Network access to the database should be restricted using your provider's IP allowlists or private networking features. Enable provider-managed backups with encryption at rest and periodically test restore procedures as part of your own operational checklist.

11. Operational security recommendations

Use least-privilege access for social media publishing roles.
Require legal/compliance review workflows for high-risk posts.
Enforce MFA and device management for all accounts with posting permissions.
Establish incident response playbooks for accidental disclosure.
Prefer centralized log retention (host + optional APM) for API errors and structured security lines (see below).

12. Error monitoring and runtime visibility

Server-side failures are emitted to the hosting platform's runtime logs (for example Vercel function logs). API routes use explicit console.error on unexpected errors. For production, we recommend adding a dedicated error tracker (such as Sentry) alongside these logs when operational maturity requires paging and correlation IDs — wire it via env without shipping third-party scripts to end users for core scanning.

13. Authentication lockouts and suspicious sign-in logging

Credential sign-in requests are rate limited per IP before they reach the authentication handler (sliding window; Upstash Redis when configured, otherwise bounded in-memory fallback on the edge). When the limit trips, callers receive HTTP 429 and platform logs may include structured lines tagged [lisarm-security] for downstream SIEM ingestion.

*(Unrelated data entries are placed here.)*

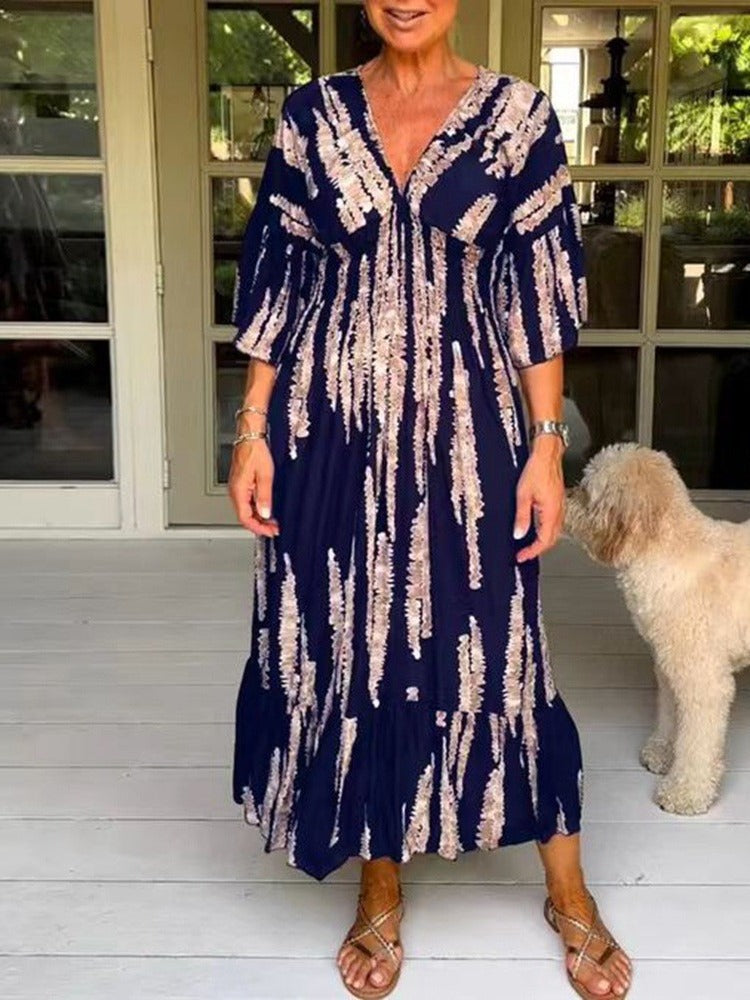 Elodie | Midi Printed Dress with V-Neck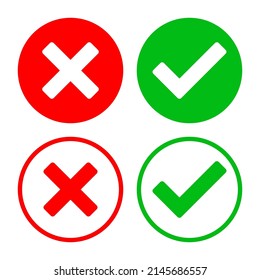 Green checkmark and red X round vector icons, isolated on white background.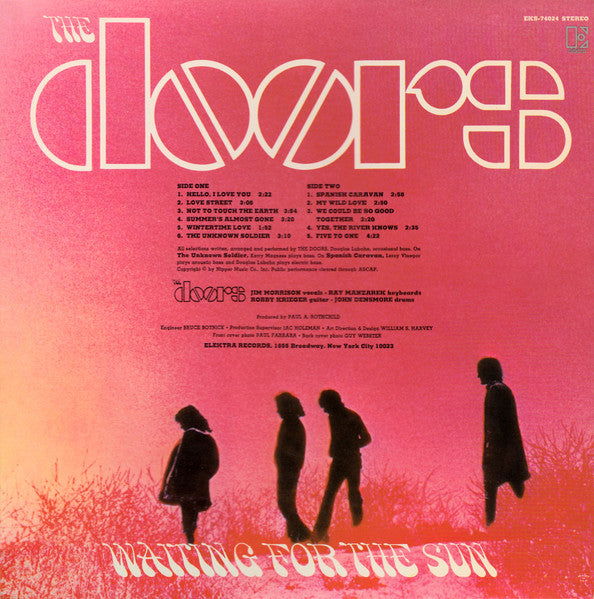 Image of Back Cover of 4644356S: LP - THE DOORS, Waiting For The Sun (Elektra Red & White; EKS-74024, US Reissue, Gatefold Unipak with Inside Loading Sleeve) Sleeve is intact and has edge wear, scuffs, and some pen writing. Disc has no deep marks.  G+/G+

Failed password checks and other denied credential outcomes append immutable events to a MongoDB security_events collection (reason codes are stored for internal investigation only; user-facing messages remain generic).

14. Platform administrator audit trail

Mutations to the abuse blocklist (adding or removing blocked emails or IPs by platform administrators) append tamper-evident records to security_events with the admin's email, coarse client IP metadata when available, and the affected entry — supporting break-glass reviews after account lockdowns or law-enforcement requests.

15. Open to audit

Because LisARM ships as an unpacked extension with readable JavaScript, security teams can audit every line of code before deploying it across their organization. We welcome and encourage security reviews.

16. Incident response and vulnerability disclosure

Operators maintain an internal incident response plan covering detection, containment, eradication, recovery, and post-incident review (database restore procedures are included as an appendix). If you discover a security vulnerability in LisARM, please report it responsibly to support@balogunharold.com. We will acknowledge receipt within 48 hours and work to resolve the issue promptly.

Please include steps to reproduce, expected/actual behavior, and impact assessment. We request responsible disclosure and ask that you avoid public disclosure until remediation is available.

17. Security limitations

No system can guarantee absolute security. LisARM reduces risk but cannot eliminate all compliance or operational risk. Human review, legal judgment, and organizational controls remain essential parts of your security posture.